Farm to Forb

Some time ago there was a great strip of grassland splayed beautifully across much of North America. The beautiful chaos of Great Plains was wiped clean to install a grid of plain, lifeless crop and rangelands—they benefit us by “supplying” beef—not without the abuse of watersheds, pillaging of Native lands, desertification of rich soils, eutrophication of gulfs and exacerbation of climate change! How does that benefit humanity?

These beautiful grasslands were ripe with thousands of species living in harmony; unfortunately, not only did the first colonizers destroy this habitat, but we too are currently destroying it: "10 million acres of grasslands were lost between 2016 and 2020, and another 1.8 million acres were lost in 2020 alone—plowed primarily for row crop agriculture", as reported by the World Wildlife Fund. This is the sad truth of our day, and yet who among us are discussing this tragedy? Farm to Forb hopes to see more of the diversity observed at Midewin National Tallgrass Prairie, as captured below.

Farm to Forb is an initiative devoted to the restoration of farmland from centuries of monoculture crop growth back to native midwestern prairie.

  • A forb is a herbaceous flowering plant which is not a grass. We use this term in ecology, and it makes for the perfect title of our prairie restoration project.

  • No, our target farms are those whose usage is not beneficial to ecological systems, human and non-human.

Illinois: The Prairie State?

Prior to settlement, more than 60% of Illinois, approximately 22 million acres, was covered with prairie.
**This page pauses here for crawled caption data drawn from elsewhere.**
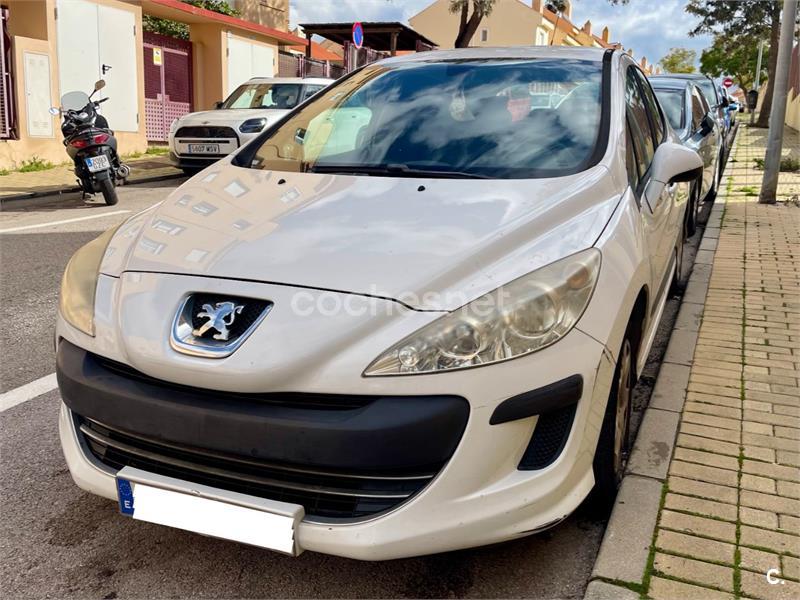 PEUGEOT 308 Confort 1.4 VTi 95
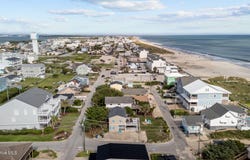 217 W Atlantic Boulevard, Atlantic Beach, NC 28512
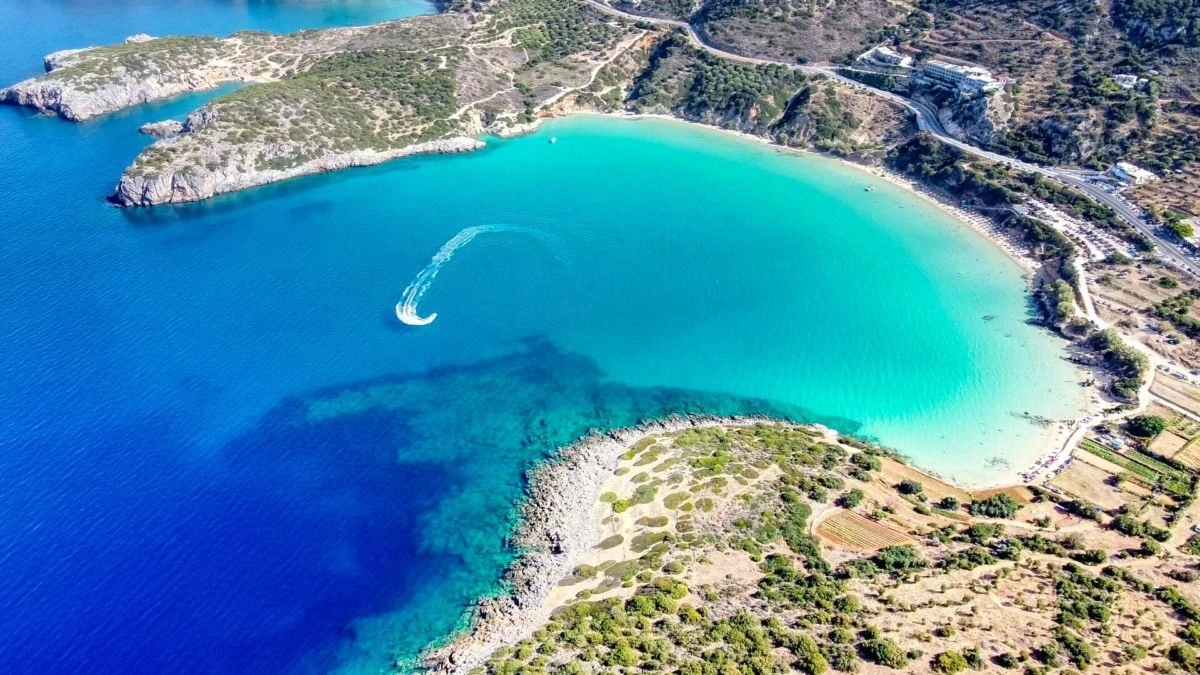 Κρήτη: Στην εξωτική παραλία Βούλισμα θα κολυμπήσεις σε διάφανα νερά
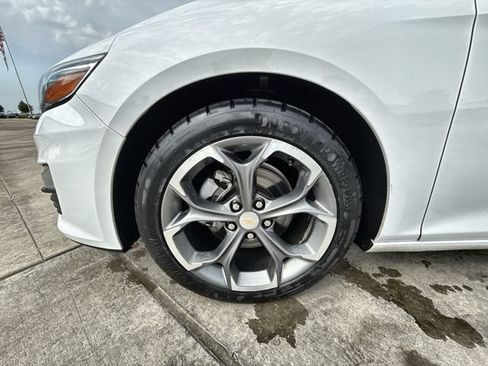 Used 2024 Chevrolet Malibu LT FWD image 10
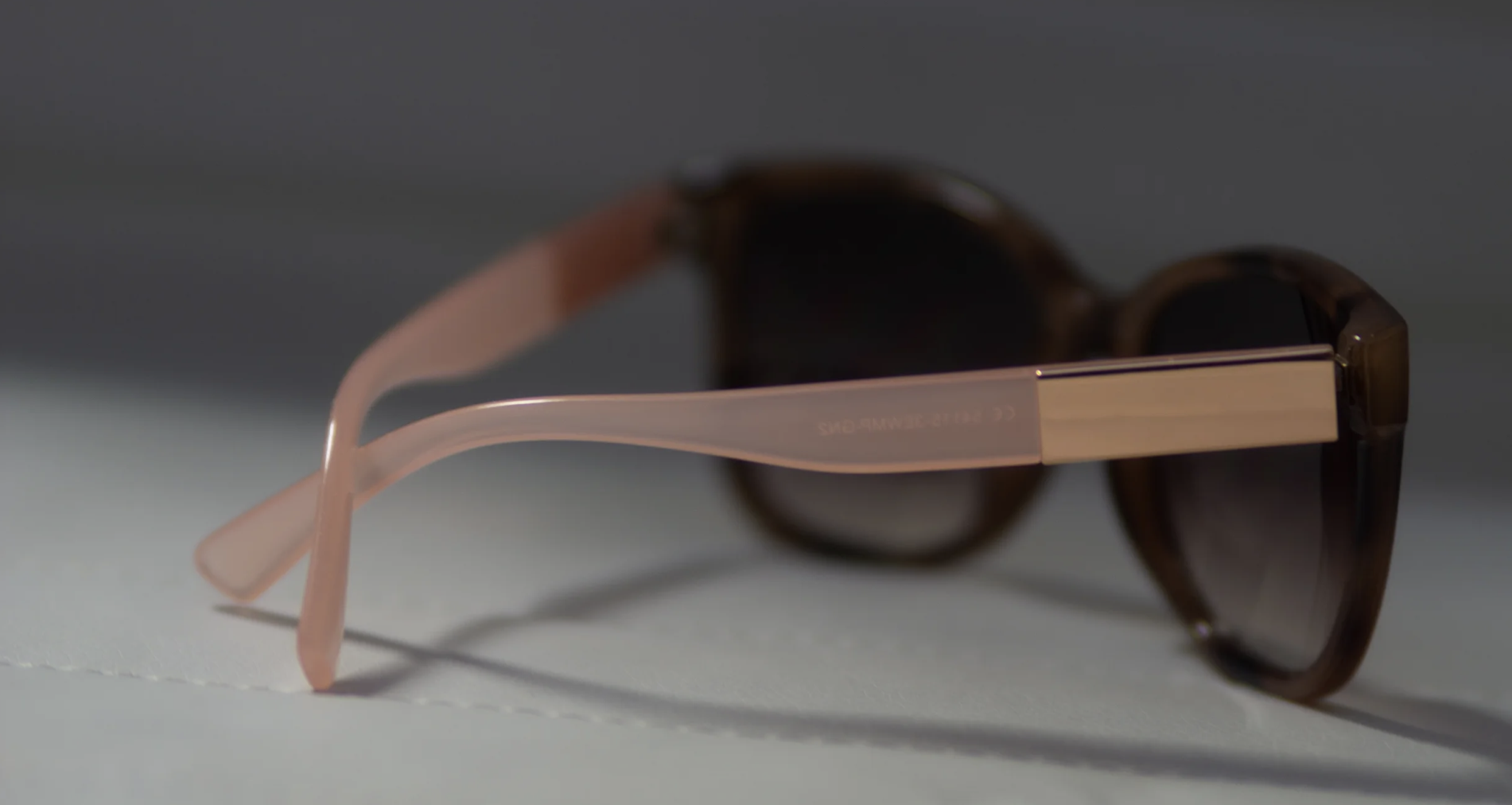 THE PERFECT SHADE OF GOLDEN PINK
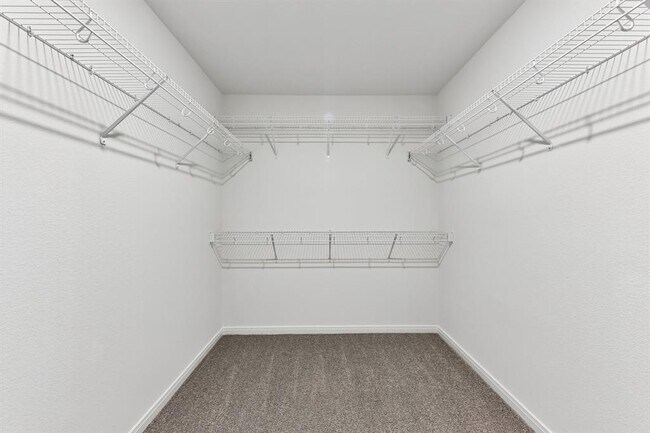 Building Photo - 235 Surrey Oaks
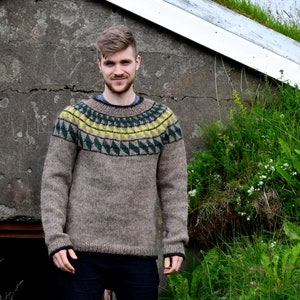 Traditional Icelandic sweater for men image 1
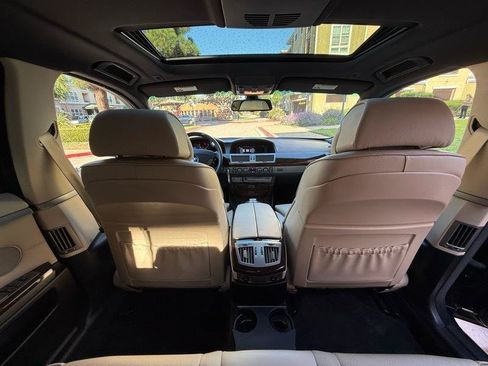 Used 2007 BMW 750i RWD image 46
In a 50-year span, this number astonishingly decreased to 2,000 acres, less than one-hundredth of one percent of the original. Romantic American writers have long described the great glory of our coasts, mountains, and forests, but the poetry of the prairies is missing from the American psyche because, of course, the prairies themselves are missing (for the simple reason that they are fertile and easy to till). Is the Illinois’ title as The Prairie State anything more than colloquial?

Prairie Ecosystems

There are certainly aesthetic reasons to devote great effort to restoring some of this nation’s prairies, but there are also solid ecological ones (i.e., carbon storage, sustaining biodiversity, etc.). A given acre of native grassland sequesters as much or more carbon from the atmosphere than a comparable amount of forest, fosters the life of billions of beneficial microorganisms, offers habitat for rodents and serpents, and provides food for pollinators like bees and birds.

Ideally, we will be able to restore large, continuous and diverse parcels of prairie — seeing as certain species, such as the Northern Harrier, aren’t likely to benefit from a prairie smaller than 1,000 acres. However, smaller parcels still prove beneficial to the soil microbiome, fungi, rodents, small birds and the atmosphere. When we can, we will elect to work on land which has the potential to one day serve as a home for a greater array of species, including the likes of the Northern Harrier and the endangered Prairie Chicken. In this way, we are working to restore and investigate the functions of the prairie ecosystem from the soil to the sky.

Timeline

We are currently restoring a nine-acre parcel in Tampico, IL, which has suffered from generations of corn and soy growth:

  • Rotated between organic corn and soy from 2014 to 2023.

  • Assumed land steward role in January 2024

  • Former Farmer cut hay in May and August 2024

  • Soil sample taken to lab in November 2024

    • Ongoing soil testing will be performed to measure the change in composition over time.

The soil test results indicate fairly poor soil; the organic matter rate of 3.2% is relatively low and so too is the estimated nitrogen release. Frequent testing of these key indicators should demonstrate the efficacy of our work.

Goals

While the biggest picture goal ought to be to entirely restore the former 22 million acres of Native Illinois Prairie, we aim to convert 1,000 acres of Illinois monotypic farmland back to prairie. 

  • Consider how prairie restoration impacts the entire ecosystem, from the soil to the sky.

  • Study how the ecosystems change over time as a function of parcel size, species diversity, geography, and other factors.